Article de Louis Mercier paru dans La Révolution prolétarienne, n° 440, juin 1959, p. 11-12
Dans une petite revue qui se discute beaucoup parmi les intellectuels de la rive gauche (« Arguments »), une poignée d’anciens communistes s’efforcent de remettre en question la plupart des formules dites d’extrême gauche. Effort désordonné et inégal quant aux sujets traités, mais effort sympathique, car les « ex » qui le mènent ne sont ni de vieux fonctionnaires du parti ni des professionnels de la politique. Ni des Marty, ni des Hervé. Ils en sont à se demander si la révolte de Cronstadt ne signifiait pas le premier exemple, suffisant, de l’opposition entre parti et classe ouvrière. Ils publient des études sur l’évolution de la structure des classes salariées. Leur jargon se ressent encore de leur passage dans le parti communiste, et bien des tics défigurent leurs raisonnements qu’ils s’efforcent de mener droit. Cependant, ils ne pontifient ni ne tranchent. Ils cherchent. Si bien que dans l’étonnante sécheresse de la pensée socialiste qui caractérise notre époque, ce filet d’eau ou ces gouttes de sueur ne sont pas à dédaigner.

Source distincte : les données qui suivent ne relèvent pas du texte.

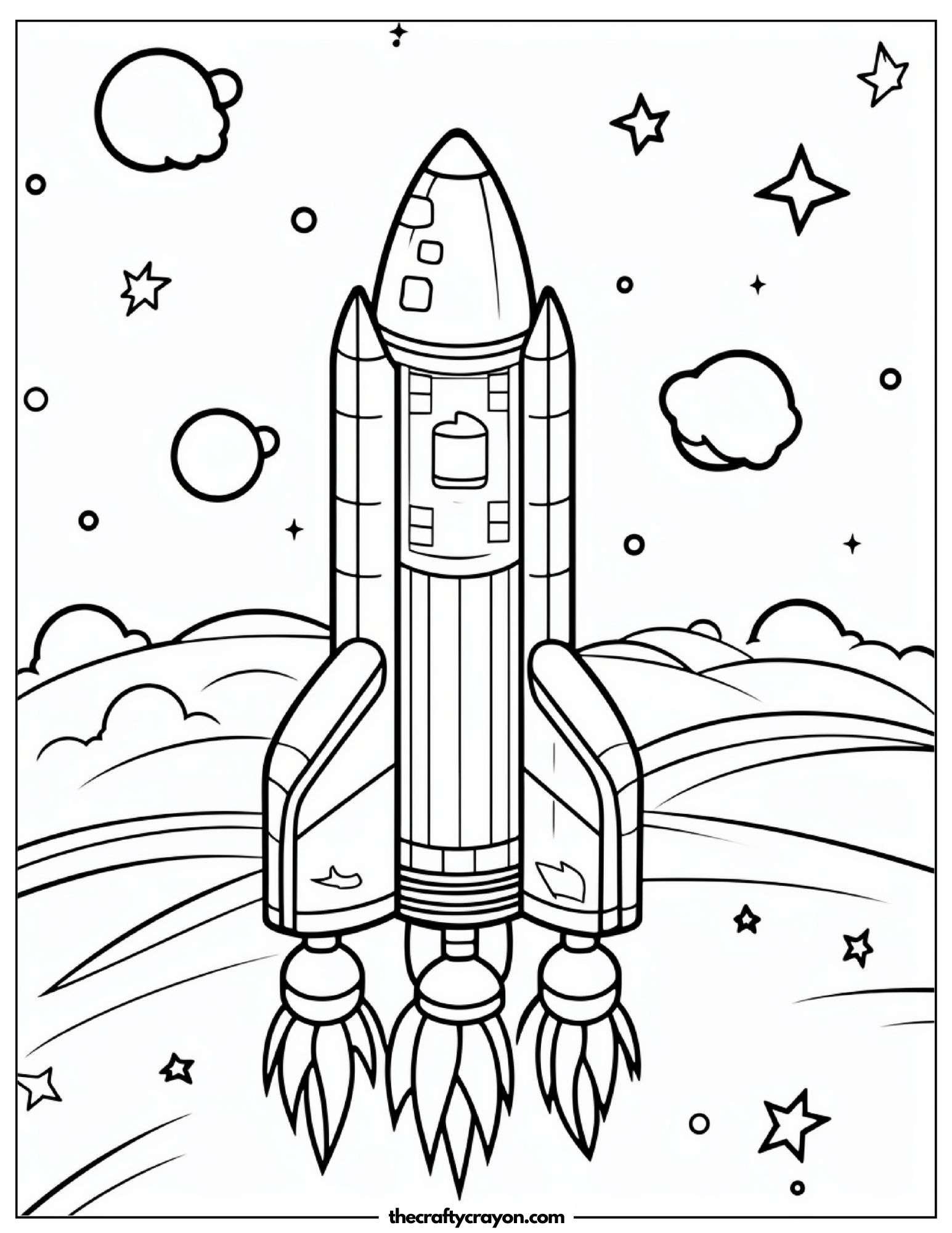 Rocket Ship Flying Above Hills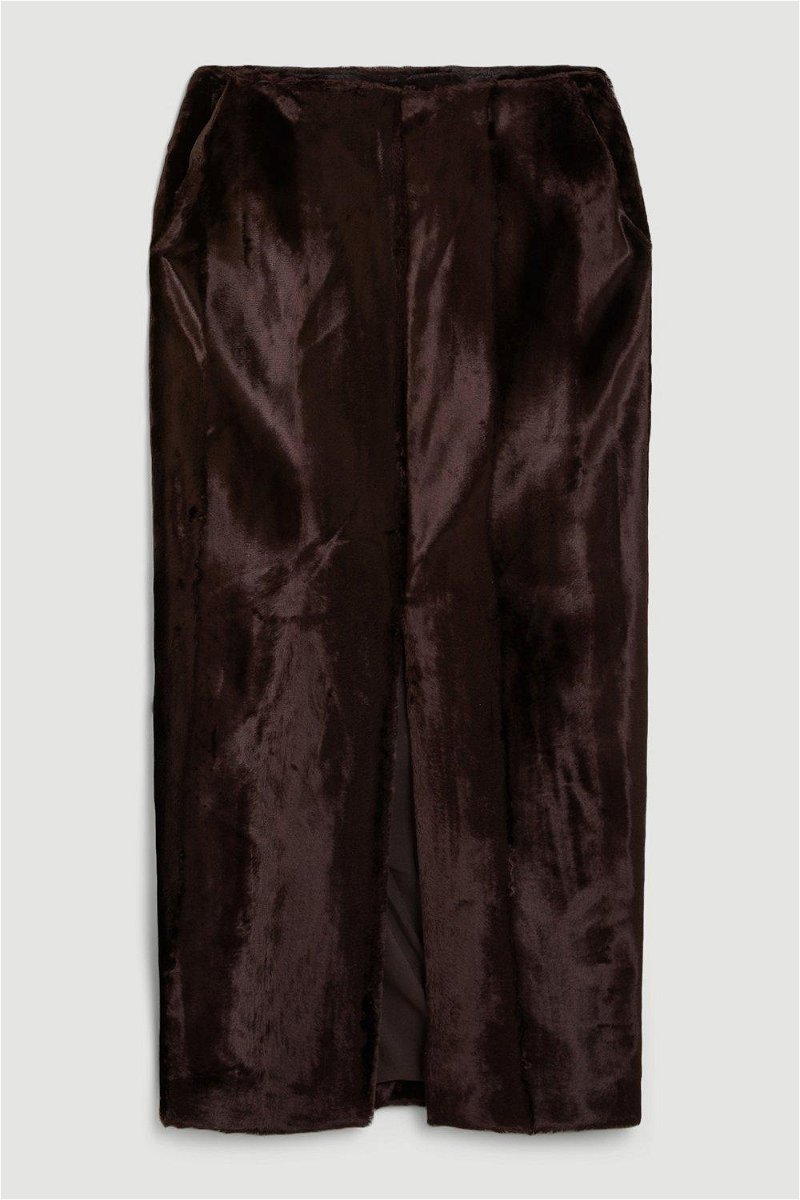 Faux Leather Tie Detail Wrap Midi Skirt | Karen Millen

Edgar Morin, un des animateurs de l’équipe, a publié un livre dans lequel il tente de s’analyser et d’exposer ce qu’il a cru, pensé et fait depuis qu’il s’intéresse aux problèmes sociaux, c’est-à-dire depuis une vingtaine d’années. Le titre est significatif : « Autocritique » (1). Et il ne ment pas : ce n’est pas un éreintement des compagnons d’hier ou du parti auquel l’auteur appartint, c’est un essai d’autocompréhension sans complaisance. En cela, il se distingue de la plupart des essais écrits par d’anciens staliniens où il est dit que le signataire, intelligent, dévoué jusqu’au sacrifice et d’âme pure, a été odieusement trompé par une organisation diabolique.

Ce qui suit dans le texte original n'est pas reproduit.